In the first backreference, replace \w+ with [a-z]+ and VOILA!
V/r,
^ _ ^
UPDATE: Here is the code I used for my "homework".
...<cfscript>
fileNames = [];
arrayAppend(fileNames,"PGHA2019MarchRES73-0.docx");
arrayAppend(fileNames,"PGHA2019MarchRES101-0.docx");
arrayAppend(fileNames,"PGHAB2019MarchRES101-0.docx");
arrayAppend(fileNames,"PGHAB2019MarchRES73-0.docx");
arrayAppend(fileNames,"PGHAB2019MarchRES73-0.docx");
arrayAppend(fileNames,"PGHA2019MarchRES101-0.docx");
Copy link to clipboard
Copied
Again, RegEx to the rescue.
Assuming that the names will always be in the same format:
<cfset filename = "PGH2019AprilPA73-01.docx" />
<cfset thisNumber = REreplaceNoCase("(\w{3}\d{4}\w+)(\d{2,3})(-01?\.docx)",fileName,'\2','all') />
<cfoutput>#thisNumber#</cfoutput>
Not tested.
HTH,
^ _ ^
Copy link to clipboard
Copied
EXPLAINED:
(\w{3}\d{4}\w+)
Parenthesis indicate first backreference. \w{3} is three letters, \d{4} is four numbers, \w+ is one or more letters.
(\d{2,3})
Parenthesis indicate second backreference. \d{2,3} is two or three digits.
(-01?\.docx)
Parenthesis indicate third backreference. -0 is as expected, -0, 1? means zero or one instance of "1", \.docx is an escaped period (period, alone, in RegEx is wildcard for everything) followed by docx.
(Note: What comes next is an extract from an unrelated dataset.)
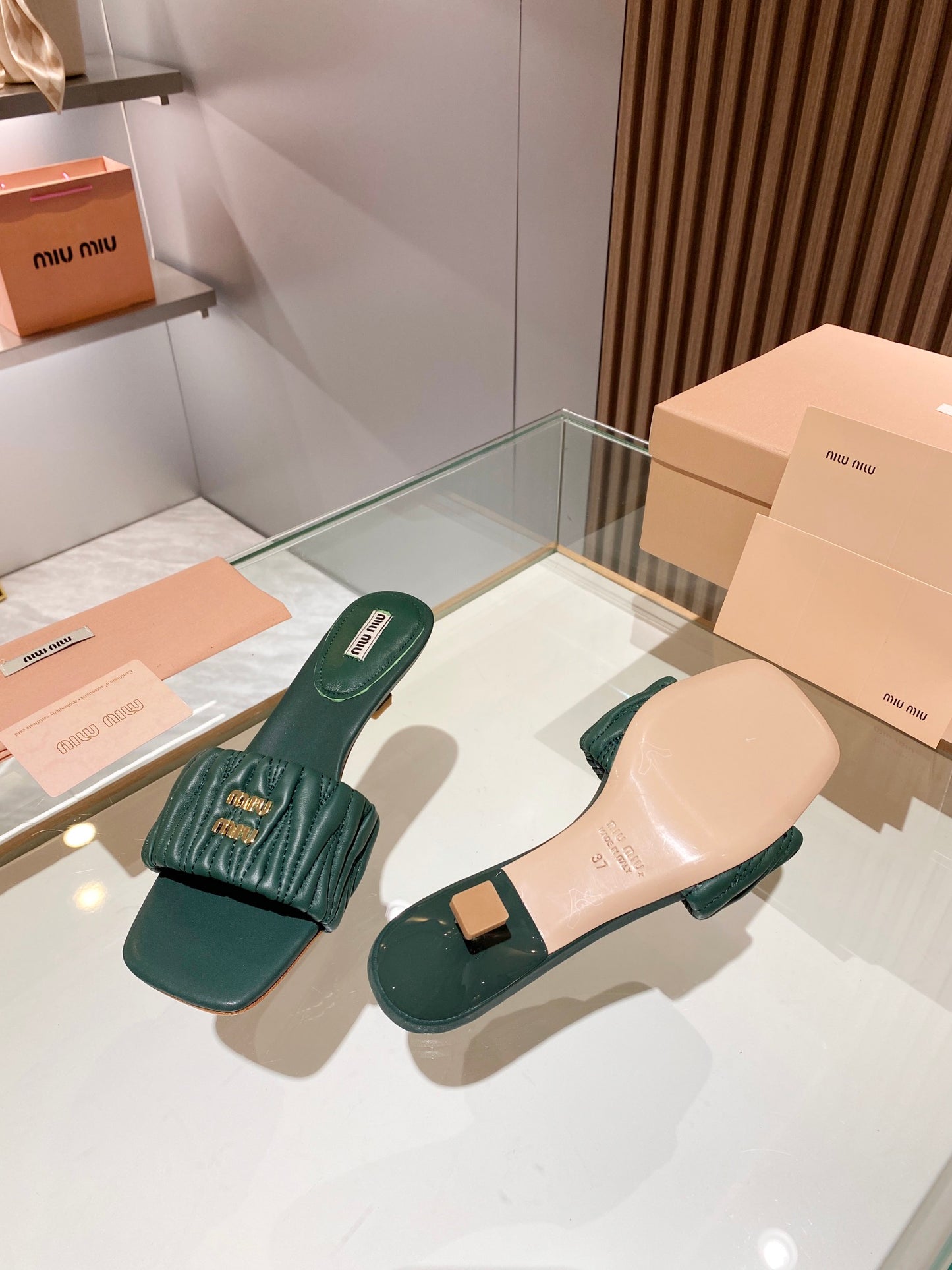穆M家-2023早春新款 低跟拖鞋 深綠色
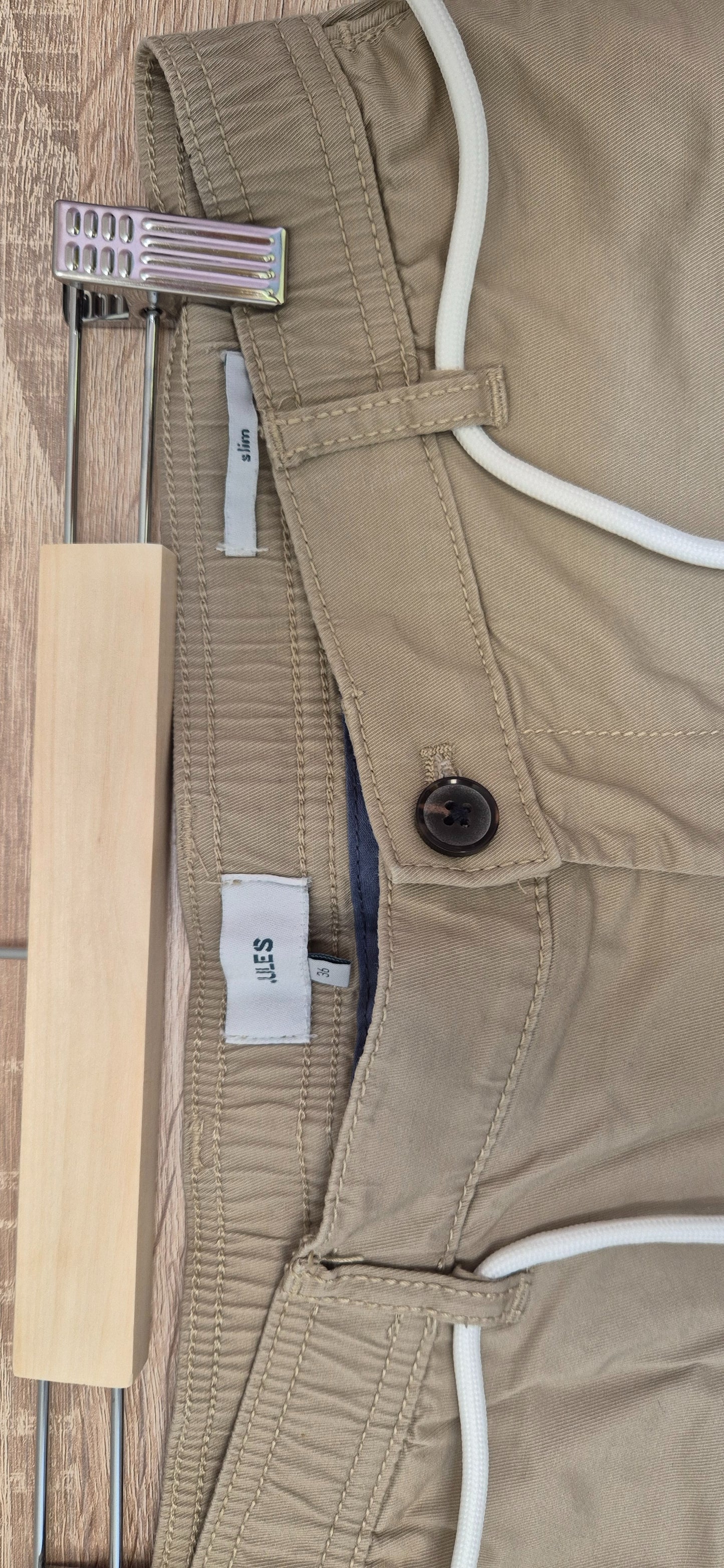 Pantalon élastiqué avec cordons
RegEx replace using this mask to remove first and third backreferences, leaving only the second backreference.
HTH,
^ _ ^
Copy link to clipboard
Copied
UPDATE: I got the order incorrect. It's not (regex mask, string, substring, one/all), it's (string, regex mask, substring, one/all).
Flip the first two arguments around.
HTH,
^ _ ^
Copy link to clipboard
Copied
Wolf
When I do this,
I get
(\w{3}\d{4}\w+)(\d{2,3})(-01?\.docx)
as thisnumber
Actually I get (\w{3}\d{4}\w+)(\d{2,3})(-01?\.docx) no matter what variable I use
Copy link to clipboard
Copied
See my last post. I accidentally reversed the regex mask and string. Switch the two around and try again.
V/r,
^ _ ^
Copy link to clipboard
Copied
Wolf,
OK were very close here.
It looks like the file names can go like this.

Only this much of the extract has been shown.